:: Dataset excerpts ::
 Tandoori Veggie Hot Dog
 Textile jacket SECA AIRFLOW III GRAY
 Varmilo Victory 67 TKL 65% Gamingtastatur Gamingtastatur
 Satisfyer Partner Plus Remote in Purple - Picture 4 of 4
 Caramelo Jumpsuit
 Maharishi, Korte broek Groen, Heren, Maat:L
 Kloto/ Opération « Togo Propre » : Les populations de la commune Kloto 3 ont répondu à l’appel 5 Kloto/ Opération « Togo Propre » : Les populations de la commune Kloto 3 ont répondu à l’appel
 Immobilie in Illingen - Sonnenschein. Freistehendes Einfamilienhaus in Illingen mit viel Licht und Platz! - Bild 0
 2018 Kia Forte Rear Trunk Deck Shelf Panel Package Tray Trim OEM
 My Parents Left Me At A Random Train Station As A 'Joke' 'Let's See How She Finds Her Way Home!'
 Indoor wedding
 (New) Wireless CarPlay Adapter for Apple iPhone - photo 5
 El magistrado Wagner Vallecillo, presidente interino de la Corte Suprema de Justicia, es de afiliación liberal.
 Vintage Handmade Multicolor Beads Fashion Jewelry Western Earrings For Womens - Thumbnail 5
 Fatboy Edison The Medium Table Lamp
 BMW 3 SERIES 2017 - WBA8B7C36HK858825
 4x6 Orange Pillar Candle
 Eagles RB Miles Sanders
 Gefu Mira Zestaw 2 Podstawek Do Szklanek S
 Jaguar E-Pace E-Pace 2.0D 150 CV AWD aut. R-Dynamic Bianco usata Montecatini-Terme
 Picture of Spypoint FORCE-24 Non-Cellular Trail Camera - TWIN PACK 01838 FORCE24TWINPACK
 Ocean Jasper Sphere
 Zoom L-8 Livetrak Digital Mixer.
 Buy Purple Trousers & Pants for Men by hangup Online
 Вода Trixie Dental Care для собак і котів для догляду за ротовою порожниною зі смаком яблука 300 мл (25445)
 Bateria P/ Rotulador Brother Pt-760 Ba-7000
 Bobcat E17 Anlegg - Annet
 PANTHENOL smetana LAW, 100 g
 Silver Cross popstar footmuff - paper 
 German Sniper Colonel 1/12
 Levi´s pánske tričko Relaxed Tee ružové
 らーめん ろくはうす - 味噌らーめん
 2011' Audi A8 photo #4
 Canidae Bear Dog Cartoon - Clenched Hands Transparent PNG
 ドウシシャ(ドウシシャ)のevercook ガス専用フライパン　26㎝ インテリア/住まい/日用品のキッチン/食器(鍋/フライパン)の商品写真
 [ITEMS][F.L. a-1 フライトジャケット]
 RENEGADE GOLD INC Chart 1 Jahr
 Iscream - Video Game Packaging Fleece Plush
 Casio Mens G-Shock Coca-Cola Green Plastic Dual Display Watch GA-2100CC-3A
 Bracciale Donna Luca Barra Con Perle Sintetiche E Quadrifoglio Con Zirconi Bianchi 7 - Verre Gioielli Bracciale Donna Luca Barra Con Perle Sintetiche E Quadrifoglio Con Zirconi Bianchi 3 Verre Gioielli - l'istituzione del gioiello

:: TASK OBJECTIVE ::
Every record is to be retyped exactly as given.

:: ANSWER TO THIS PROBLEM ::
 Tandoori Veggie Hot Dog
 Textile jacket SECA AIRFLOW III GRAY
 Varmilo Victory 67 TKL 65% Gamingtastatur Gamingtastatur
 Satisfyer Partner Plus Remote in Purple - Picture 4 of 4
 Caramelo Jumpsuit
 Maharishi, Korte broek Groen, Heren, Maat:L
 Kloto/ Opération « Togo Propre » : Les populations de la commune Kloto 3 ont répondu à l’appel 5 Kloto/ Opération « Togo Propre » : Les populations de la commune Kloto 3 ont répondu à l’appel
 Immobilie in Illingen - Sonnenschein. Freistehendes Einfamilienhaus in Illingen mit viel Licht und Platz! - Bild 0
 2018 Kia Forte Rear Trunk Deck Shelf Panel Package Tray Trim OEM
 My Parents Left Me At A Random Train Station As A 'Joke' 'Let's See How She Finds Her Way Home!'
 Indoor wedding
 (New) Wireless CarPlay Adapter for Apple iPhone - photo 5
 El magistrado Wagner Vallecillo, presidente interino de la Corte Suprema de Justicia, es de afiliación liberal.
 Vintage Handmade Multicolor Beads Fashion Jewelry Western Earrings For Womens - Thumbnail 5
 Fatboy Edison The Medium Table Lamp
 BMW 3 SERIES 2017 - WBA8B7C36HK858825
 4x6 Orange Pillar Candle
 Eagles RB Miles Sanders
 Gefu Mira Zestaw 2 Podstawek Do Szklanek S
 Jaguar E-Pace E-Pace 2.0D 150 CV AWD aut. R-Dynamic Bianco usata Montecatini-Terme
 Picture of Spypoint FORCE-24 Non-Cellular Trail Camera - TWIN PACK 01838 FORCE24TWINPACK
 Ocean Jasper Sphere
 Zoom L-8 Livetrak Digital Mixer.
 Buy Purple Trousers & Pants for Men by hangup Online
 Вода Trixie Dental Care для собак і котів для догляду за ротовою порожниною зі смаком яблука 300 мл (25445)
 Bateria P/ Rotulador Brother Pt-760 Ba-7000
 Bobcat E17 Anlegg - Annet
 PANTHENOL smetana LAW, 100 g
 Silver Cross popstar footmuff - paper 
 German Sniper Colonel 1/12
 Levi´s pánske tričko Relaxed Tee ružové
 らーめん ろくはうす - 味噌らーめん
 2011' Audi A8 photo #4
 Canidae Bear Dog Cartoon - Clenched Hands Transparent PNG
 ドウシシャ(ドウシシャ)のevercook ガス専用フライパン　26㎝ インテリア/住まい/日用品のキッチン/食器(鍋/フライパン)の商品写真
 [ITEMS][F.L. a-1 フライトジャケット]
 RENEGADE GOLD INC Chart 1 Jahr
 Iscream - Video Game Packaging Fleece Plush
 Casio Mens G-Shock Coca-Cola Green Plastic Dual Display Watch GA-2100CC-3A
 Bracciale Donna Luca Barra Con Perle Sintetiche E Quadrifoglio Con Zirconi Bianchi 7 - Verre Gioielli Bracciale Donna Luca Barra Con Perle Sintetiche E Quadrifoglio Con Zirconi Bianchi 3 Verre Gioielli - l'istituzione del gioiello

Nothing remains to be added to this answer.